→ **ABOUT THIS EXERCISE**:
Only the lines from the one containing "Giegxin 20 Pcs" through the final line of the entries below are wanted, each copied exactly.

Short text fragments from websites:
= = = = = = =
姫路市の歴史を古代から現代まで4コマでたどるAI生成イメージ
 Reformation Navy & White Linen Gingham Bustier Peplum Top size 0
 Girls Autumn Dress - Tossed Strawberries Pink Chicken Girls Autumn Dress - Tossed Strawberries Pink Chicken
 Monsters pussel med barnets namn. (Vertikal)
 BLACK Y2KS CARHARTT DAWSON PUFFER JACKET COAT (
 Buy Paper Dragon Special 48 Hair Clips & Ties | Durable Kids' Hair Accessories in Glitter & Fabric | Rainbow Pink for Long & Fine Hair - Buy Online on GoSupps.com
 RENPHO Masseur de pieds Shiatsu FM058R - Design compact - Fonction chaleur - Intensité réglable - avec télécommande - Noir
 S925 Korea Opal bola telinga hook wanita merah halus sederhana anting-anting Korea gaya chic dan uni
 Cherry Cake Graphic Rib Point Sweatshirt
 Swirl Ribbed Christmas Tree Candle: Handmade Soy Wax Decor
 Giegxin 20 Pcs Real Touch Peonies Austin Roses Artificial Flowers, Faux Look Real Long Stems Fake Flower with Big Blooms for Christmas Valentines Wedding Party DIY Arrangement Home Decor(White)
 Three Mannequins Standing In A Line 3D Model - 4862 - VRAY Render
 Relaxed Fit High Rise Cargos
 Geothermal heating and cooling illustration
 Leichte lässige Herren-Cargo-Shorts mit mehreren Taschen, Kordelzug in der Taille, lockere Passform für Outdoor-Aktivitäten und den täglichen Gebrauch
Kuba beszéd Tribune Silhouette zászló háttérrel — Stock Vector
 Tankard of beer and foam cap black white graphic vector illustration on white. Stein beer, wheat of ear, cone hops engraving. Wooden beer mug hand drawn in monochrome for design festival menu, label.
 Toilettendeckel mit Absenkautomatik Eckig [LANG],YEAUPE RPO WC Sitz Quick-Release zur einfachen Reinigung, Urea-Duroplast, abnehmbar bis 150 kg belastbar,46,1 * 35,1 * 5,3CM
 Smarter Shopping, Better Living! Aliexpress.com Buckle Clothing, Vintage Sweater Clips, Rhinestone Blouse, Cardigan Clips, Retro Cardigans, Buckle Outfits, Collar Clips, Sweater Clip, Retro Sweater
= = = = = = =
→ **ANSWER**:
 Giegxin 20 Pcs Real Touch Peonies Austin Roses Artificial Flowers, Faux Look Real Long Stems Fake Flower with Big Blooms for Christmas Valentines Wedding Party DIY Arrangement Home Decor(White)
 Three Mannequins Standing In A Line 3D Model - 4862 - VRAY Render
 Relaxed Fit High Rise Cargos
 Geothermal heating and cooling illustration
 Leichte lässige Herren-Cargo-Shorts mit mehreren Taschen, Kordelzug in der Taille, lockere Passform für Outdoor-Aktivitäten und den täglichen Gebrauch
Kuba beszéd Tribune Silhouette zászló háttérrel — Stock Vector
 Tankard of beer and foam cap black white graphic vector illustration on white. Stein beer, wheat of ear, cone hops engraving. Wooden beer mug hand drawn in monochrome for design festival menu, label.
 Toilettendeckel mit Absenkautomatik Eckig [LANG],YEAUPE RPO WC Sitz Quick-Release zur einfachen Reinigung, Urea-Duroplast, abnehmbar bis 150 kg belastbar,46,1 * 35,1 * 5,3CM
 Smarter Shopping, Better Living! Aliexpress.com Buckle Clothing, Vintage Sweater Clips, Rhinestone Blouse, Cardigan Clips, Retro Cardigans, Buckle Outfits, Collar Clips, Sweater Clip, Retro Sweater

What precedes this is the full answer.